Understanding IOCTL in Windows Kernel Drivers
When working with Windows kernel drivers, understanding communication between user-mode applications and kernel-mode drivers is crucial. One common way to achieve this is through IOCTL (input/output control). IOCTL allows user-mode applications to send commands and data to drivers using the DeviceIoControl() function.
In the kernel, these requests are received as I/O Request Packets (IRPs), specifically handled in the driver’s IRP_MJ_DEVICE_CONTROL function. The driver processes the IRP, performs the requested action, and optionally returns data to the user-mode application.
We won’t dive too deep into the details, but we’ll cover the basics of IOCTL and how it functions through a simple driver example. This diagram is sourced from MatteoMalvica.
Breaking Down IOCTL and IRP in Custom Driver
Define a Custom IOCTL
The line highlighted in red defines a custom IOCTL (input/output control) code using the CTL_CODE macro, which is used by both user-mode applications and kernel-mode drivers to communicate.
Handling IOCTL Requests (IRP_MJ_DEVICE_CONTROL)
In the driver, IOCTL requests are handled inside the IOCTL function, which is assigned to IRP_MJ_DEVICE_CONTROL.
Before calling DeviceIoControl(), a user-mode application must first obtain a handle to the driver using CreateFile(). This handle is necessary to communicate with the driver and ensures that the IOCTL request is sent to the correct device. The handle is passed to DeviceIoControl() with a code and buffer which is processed by the function specified by IRP_MJ_DEVICE_CONTROL (in this case, the IOCTL function).
Retrieving IRP Details
Inside the IOCTL function, the driver extracts details about the request using IoGetCurrentIrpStackLocation(Irp).

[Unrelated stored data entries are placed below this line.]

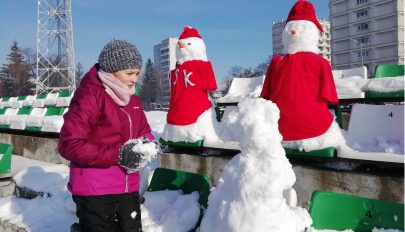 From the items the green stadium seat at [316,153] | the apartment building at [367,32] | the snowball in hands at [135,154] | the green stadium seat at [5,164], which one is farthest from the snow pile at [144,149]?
the apartment building at [367,32]

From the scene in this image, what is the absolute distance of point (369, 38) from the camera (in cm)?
5416

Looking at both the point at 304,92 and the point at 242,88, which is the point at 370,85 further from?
the point at 242,88

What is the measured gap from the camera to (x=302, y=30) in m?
3.87

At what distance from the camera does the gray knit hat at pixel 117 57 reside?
2314 mm

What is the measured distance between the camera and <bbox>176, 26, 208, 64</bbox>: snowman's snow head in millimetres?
5168

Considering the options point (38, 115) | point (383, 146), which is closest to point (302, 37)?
point (383, 146)

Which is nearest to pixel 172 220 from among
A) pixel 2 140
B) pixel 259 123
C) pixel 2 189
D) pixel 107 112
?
pixel 107 112

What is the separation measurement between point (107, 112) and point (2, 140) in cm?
753

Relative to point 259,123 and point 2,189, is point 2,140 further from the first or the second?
point 259,123

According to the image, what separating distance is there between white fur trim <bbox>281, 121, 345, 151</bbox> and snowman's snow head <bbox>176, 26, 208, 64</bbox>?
2.22 m

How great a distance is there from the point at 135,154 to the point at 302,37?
7.96 ft

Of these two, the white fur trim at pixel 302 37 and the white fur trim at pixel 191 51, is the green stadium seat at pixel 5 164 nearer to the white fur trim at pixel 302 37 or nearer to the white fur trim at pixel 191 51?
the white fur trim at pixel 191 51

- irpSp→Parameters.DeviceIoControl.IoControlCode: Stores the specific IOCTL command sent from user mode
- Irp→AssociatedIrp.SystemBuffer: Points to the user-mode buffer containing data for the driver
- irpSp→Parameters.DeviceIoControl.InputBufferLength: Specifies the size of the received data
The Irp->AssociatedIrp.SystemBuffer parameter is used to access the user-mode buffer because that’s where the I/O manager places the buffer passed in. Meanwhile, irpSp->Parameters.DeviceIoControl.InputBufferLength provides the size of the received data, ensuring we handle it correctly. The stack pointer irpSp (retrieved using IoGetCurrentIrpStackLocation(Irp)) gives access to request-specific parameters, keeping buffer handling separate from other IRP structures to prevent memory corruption.
Custom Function
The IOCTL function processes user-mode requests sent via DeviceIoControl(). It checks the IOCTL code, retrieves the user buffer, and prints the received message if data is available. Finally, it sets the status and completes the request.
Sending an IOCTL from User Mode to a Kernel Driver
This simple program communicates with a Windows kernel driver by issuing an IOCTL (input/output control) request. It begins by opening a handle to the driver (\\.\Hello) and then transmits data using DeviceIoControl with the IOCTL_PROC_DATA code. If the operation succeeds, the driver processes the input; otherwise, an error message is displayed. Finally, the program closes the device handle and terminates.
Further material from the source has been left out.